Liberals reject all-party call to regulate mining overseas
Published by MAC on 2005-10-19Liberals reject all-party call to regulate mining overseas
Kelly Patterson ,The Ottawa Citizen
October 19, 2005
The Martin government won't take steps to ensure Canadian mining companies are held legally accountable for human rights and environmental violations overseas, despite the recommendations of an all-party committee of the House earlier this year.
The government believes its response to a June report by the standing committee on foreign affairs and international trade "underlines our commitment to sustainable development," Foreign Affairs Minister Pierre Pettigrew said yesterday.
He added that the government plans to address the issues raised by the panel in a series of roundtables this year.
The committee report came in the wake of a series of violent conflicts associated with Canadian mining operations overseas. They included three clashes that prompted Amnesty International to raise the alarm about alleged human rights abuses, and two cases in which Canadian companies have been accused of complicity in massacres.
The government response acknowledges that "a greater role for government is warranted in ensuring that Canadian companies" observe ethical standards, but argues that there is not enough of a consensus internationally on those standards for the government to make them mandatory.
Instead, the government will redouble its efforts to promote and develop voluntary social and environmental standards.
"That's just balderdash," said NDP MP Ed Broadbent, who sat on the foreign affairs committee.
"We've been talking about voluntary codes for 14 bloody years," Mr. Broadbent argued yesterday, pointing out that it was a major issue as far back as 1991, when he was appointed to run the Parliament-funded watchdog group now known as Rights & Democracy.
Graham Saul of Friends of the Earth Canada said the government's response amounts to saying, "'We don't know how to do this, so we're not going to do anything.'
"If holding companies to human rights standards is too complicated for the Canadian government, then the Canadian government is incompetent," Mr. Saul said, adding that its response "makes a mockery of Paul Martin's supposed commitment to human rights."
But Gordon Peeling, president of the Mining Association of Canada, called the response a "fair and balanced report on a difficult and complex issue."
He admitted that "clearly, improvements in performance (in the mining industry) are needed," but said legislating norms would be "heavy-handed."
He said he doesn't believe voluntary measures have failed, noting that his association, which represents more than 50 mining and related companies, is already seeing "real change" in response to a voluntary ethical code it adopted last year.
He also noted that the industry already has to conform to ethical guidelines to benefit from funding from agencies such as the World Bank.
But Fraser Reilly-King of the Halifax Initiative, an Ottawa-based coalition of about 20 non-governmental groups, said he was "shocked" by the government's response.
The Liberals did not even take up the recommendation that Canada join the U.S.-U.K. voluntary Principles on Security and Human Rights, which sets guidelines for the use of security forces, he said.
"The standing committee was talking about ... armed forces that intimidate, threaten and in some cases kill protesters.

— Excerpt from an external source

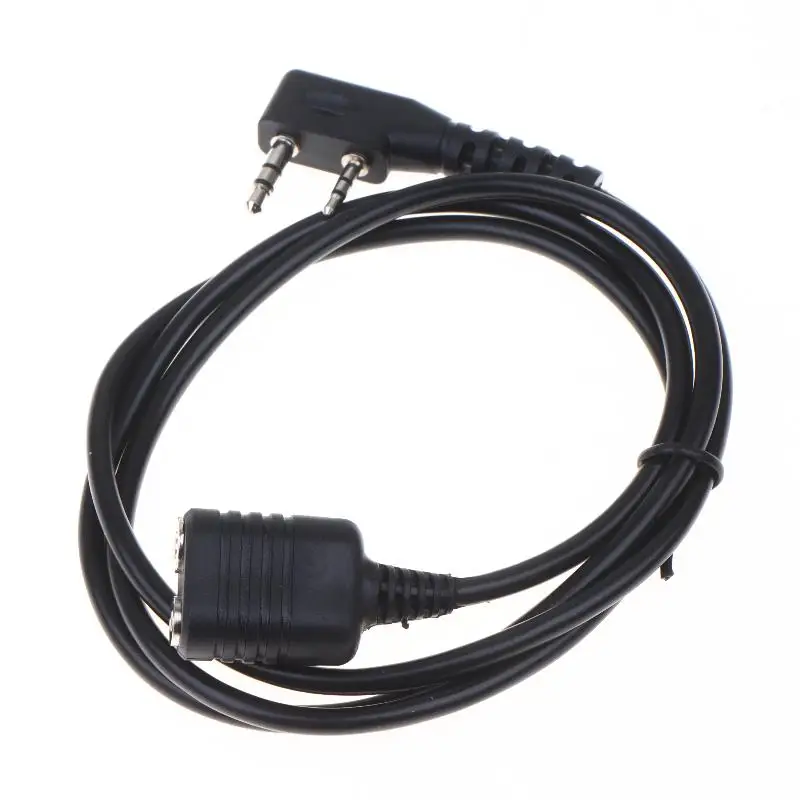 

1m Walkie Talkie Extension Core 2-Pin K Type Microphone Headset Mic Cable Ham Radio Accessory For UV-5R 888S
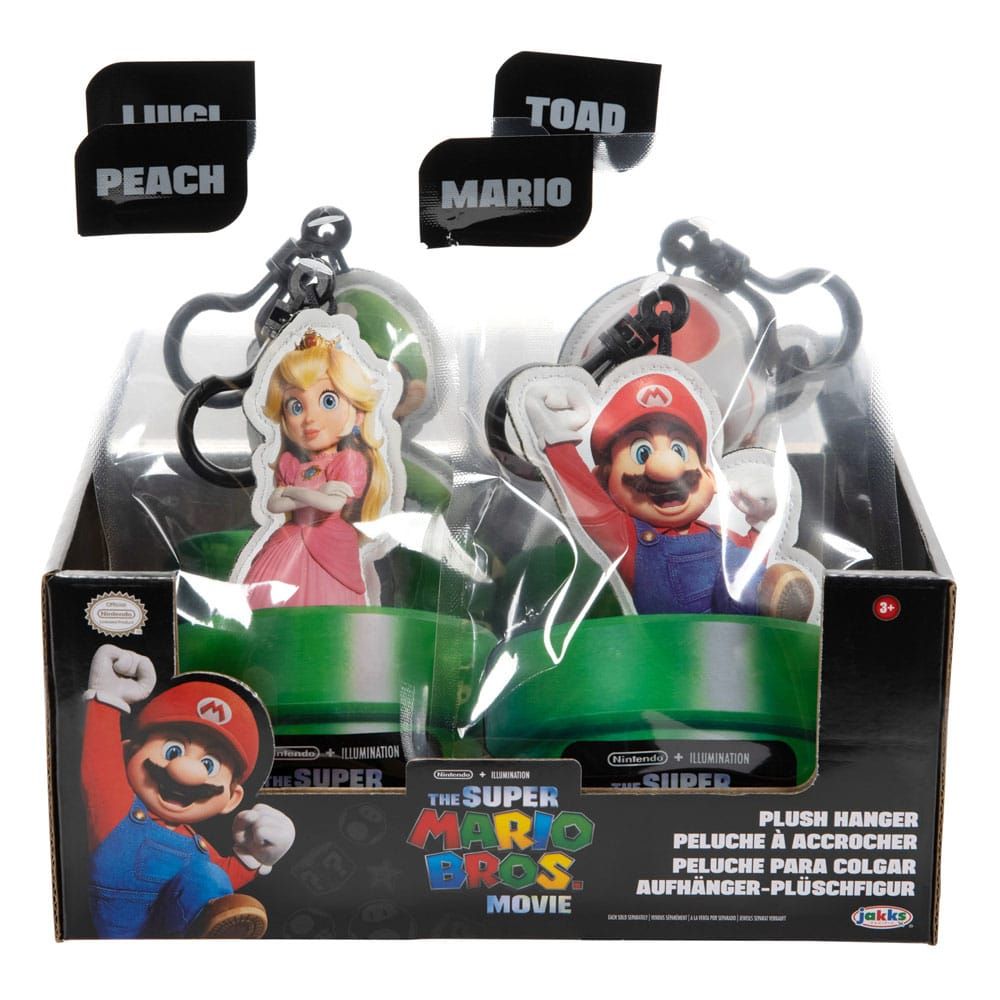 The Super Mario Bros. Movie Plush Keychains 8 cm Assortment (12) Jakks Pacific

The report seems to speak to people upset at some trampled flowers."
The government's report says it will support the newly appointed UN Special Representative on business and human rights, whose mandate is to clarify ethical standards.
It will also work with the federal Export Development Corporation, which helps Canadian firms overseas, to make sure the projects it supports conform with best practices, and will train Trade Commission staff "to better advise" Canadian firms overseas.
As for legal constraints, the government says it's up to the host governments to ensure ethical standards are followed. "That's absurd," Joan Kuyek of the Ottawa-based advocacy group MiningWatch Canada, said yesterday. Countries such as Angola can hardly be expected to enforce Canadian-style standards, she argued.
The government has promised to continue to help developing countries strengthen and enforce regulations. It also says there are already legal remedies available to foreigners.
For example, people and corporations may be tried under the Crimes against Humanity and War Crimes Act for offences committed overseas.
But the act requires the co-operation of the country where the crimes were committed, Ms. Kuyek pointed out, noting that countries such as Sudan, which stands accused of orchestrating an ethnic-cleansing campaign on its oilfields, are hardly likely to help bring to trial foreigners accused of abetting its campaign.